Martin Luther King Jr.'s Niece Speaks About Trayvon Martin
Les: I've read a little bit about what you've been saying since the verdict, and you believe that there are some people who are sort of ginning up some racial unrest.
King: In all fairness, however, I believe that we really have an unfair legal and justice system with so many African American men incarcerated in high numbers, all of that. I'm not delighted with our justice system, however the verdict itself, I have three adult children and I'm a former state legislature, so as we were watching the trial I said, "Oh my goodness, they going to be able to prove beyond a reasonable doubt." So that was the law and justice was served, however, really I serve God and I'm looking at this from a viewpoint of fairness and so there needed to be justice for Trayvon. His dream went to his grave with him. His parents have shown us wonderful dignity and strength and so I was very disturbed about that. So, I do agree that there should be some justice for Trayvon, but the form of that justice and what it takes should not be politically driven but it should be dealt by compassion and a desire to transform hearts in America.
Les: Can you just tell me who in particular do you think is exploiting this, if you will, and for what purpose?
King: Right now it’s politically driven. And you have people on both sides who have forgotten that a young man has been killed. Let’s take this moment to reconcile the human race. Not separate races though, not separate races, but the human race. And so anything that is going to incite violence is not a good thing, but something that will cause people to come together and say it was a terrible thing that happened to Trayvon. I believe his parents should be able to get something civilly, I really do and I think we should be praying for that because they've lost their son.
Les: Do believe there is some misguided anger out there?
King: I believe the anger is appropriate. I'm disappointed. I’m sad. I'm not angry, I'm grieving. And so when you take a young man, 17 years old, and you kill him, you murder him, and his dreams go to the grave with him. You don't know what Trayvon Martin could have been, who he could have been and I think that’s very, very tragic, and America does need to answer that question.
Les: You also, I believe, have said that you were not thrilled about this image of your uncle wearing this hoodie that someone had photoshopped. Why not?
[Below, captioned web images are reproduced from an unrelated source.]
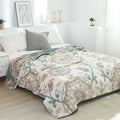 Boho mandala cotton summer blanket bedroom teal & orange throw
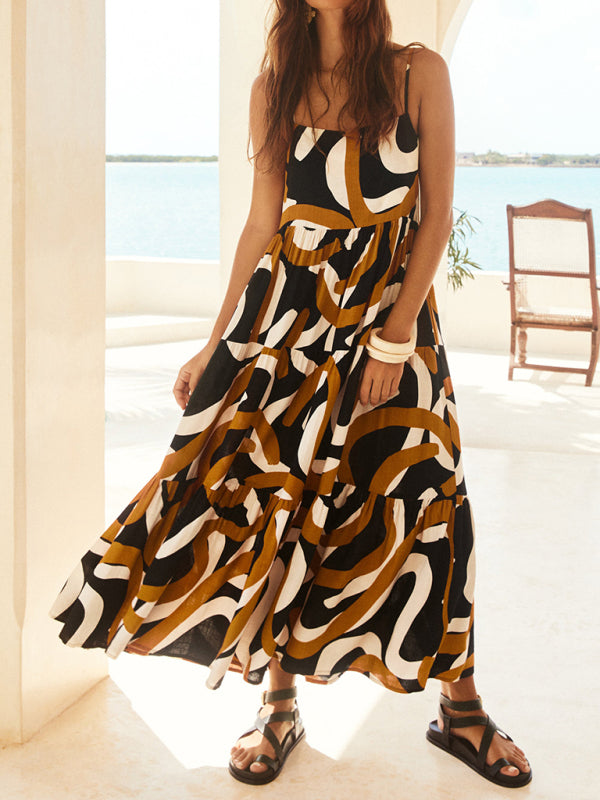 Ella's Geometric Print Strappy Loose Swing Maxi Dress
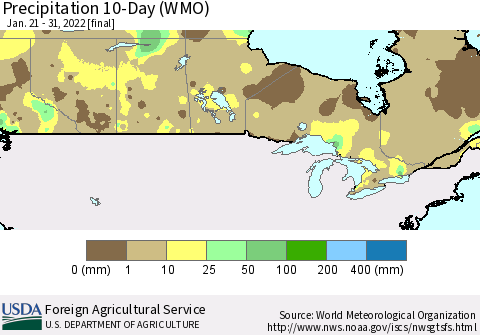 Canada Precipitation 10-Day (WMO) Thematic Map For 1/21/2022 - 1/31/2022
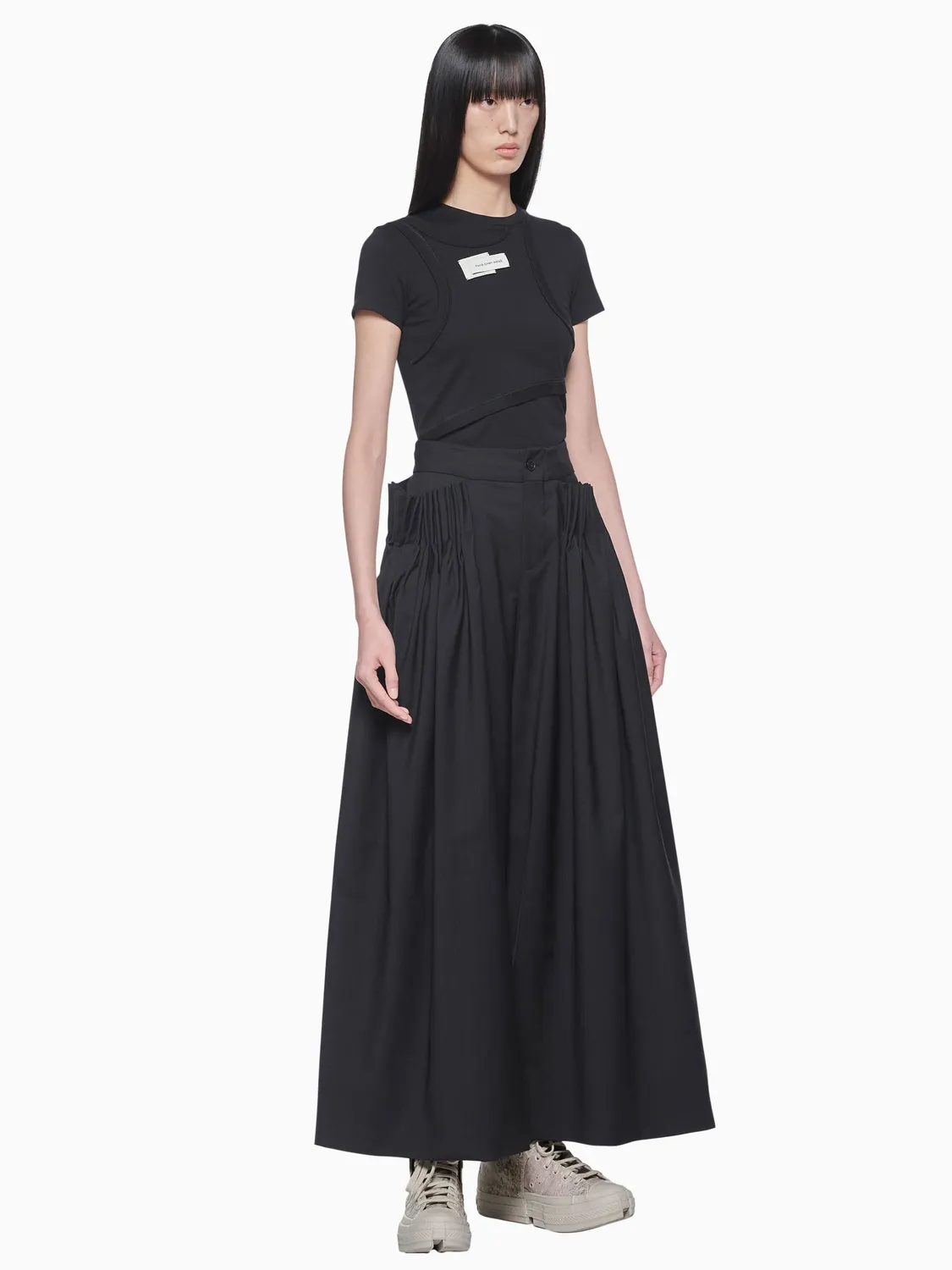 Feng Chen Wang Double Panel T-shirt sort bomuld XS-XL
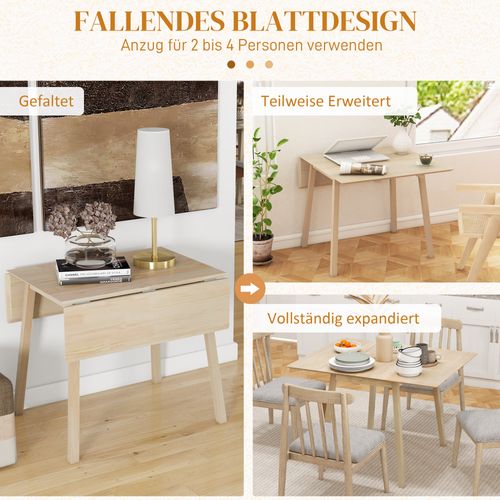 Table Pliante En Bois Pour 2-4 Personnes, 110 X 86 X 75 Cm, Idéale Pour Petits Espaces, Naturelle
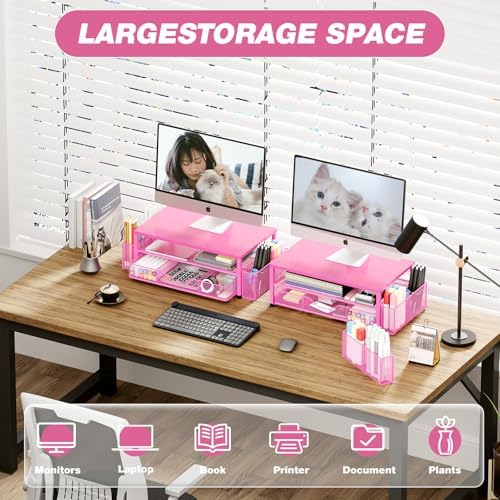 OPNICE Desk Organizers and Accessories, Computer Monitor Stand Riser with Drawer and 2 Pen Holders, Printer & Laptop Stand, Office Desk Accessories & Workspace Organizers for Home Office Supplies, Carmine Rose - Image 5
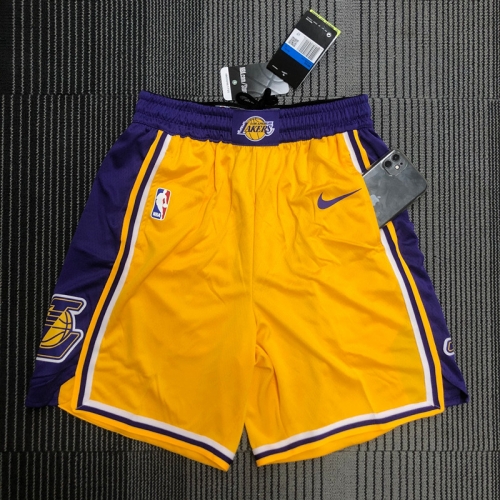 Los Angeles Lakers Yellow NBA Shorts-311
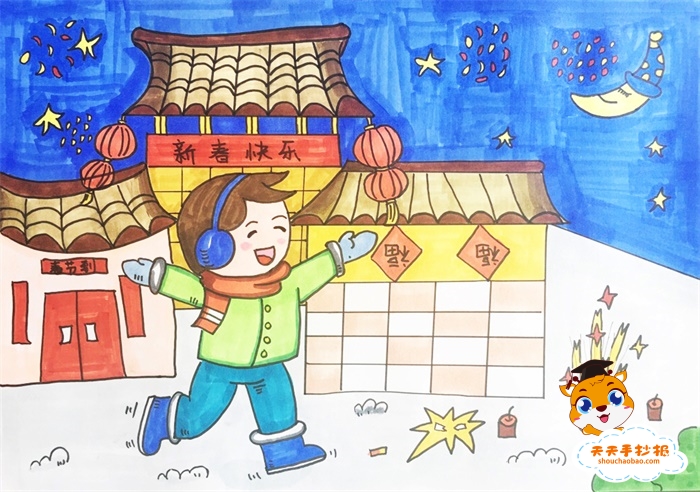 关于春节的儿童画怎么画简单，小学生春节绘画作品模板素材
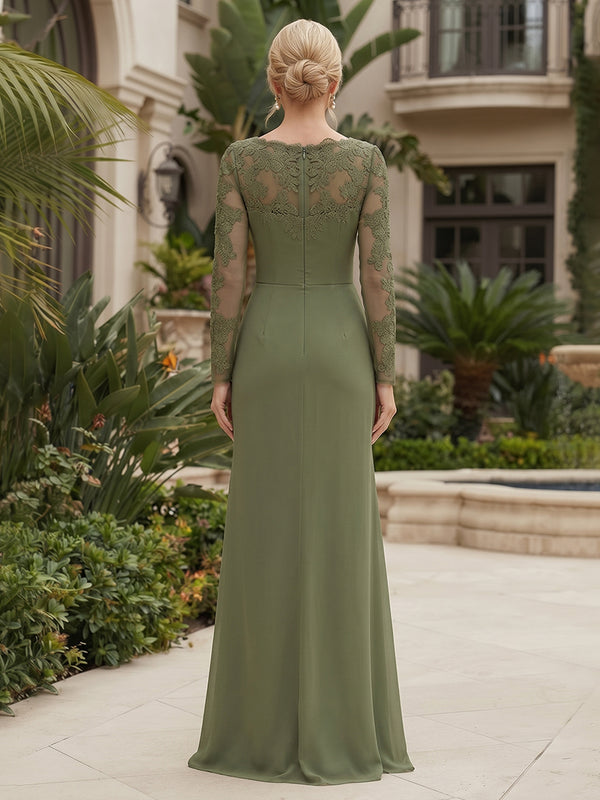 Chiffon Sheath/Column V-Neck Floor-Length Mother of the Bride & Groom Dresses with Lace Embroidery Bodice & Ruched Waist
King: Looking at the hoodie, and seeing the pain, the anguish, the need for justice, but no solutions. Martin Luther King Jr. brought us solutions of hope. You know, because especially African American men are hopeless, jobless and dreamless. Too many of our men are. So Martin Luther King Jr., being a man, would want to bring that kind of hope and resolution. And you know, in the 1940's and 50's, black men carried signs, and they said “I am a man! I am a man!” And do you know the statement "Hey Man!", and you shake hands as a black man? Well, the reason that that happened, black men used to be called “boy” by slave masters and things like that, and so they learned to say "Hey Man! Hey Man!" And so I'm not seeing the resolution that would bring the dignity, the hope and all of that in the hoodie picture. So I go to Martin Luther King Jr.'s words. When we use the words or the image of Martin Luther King, we want to think transformation, we want to think a new beginning, we want to think hope and promise. And so that’s what I'm looking for anytime I see the image of Martin Luther King Jr.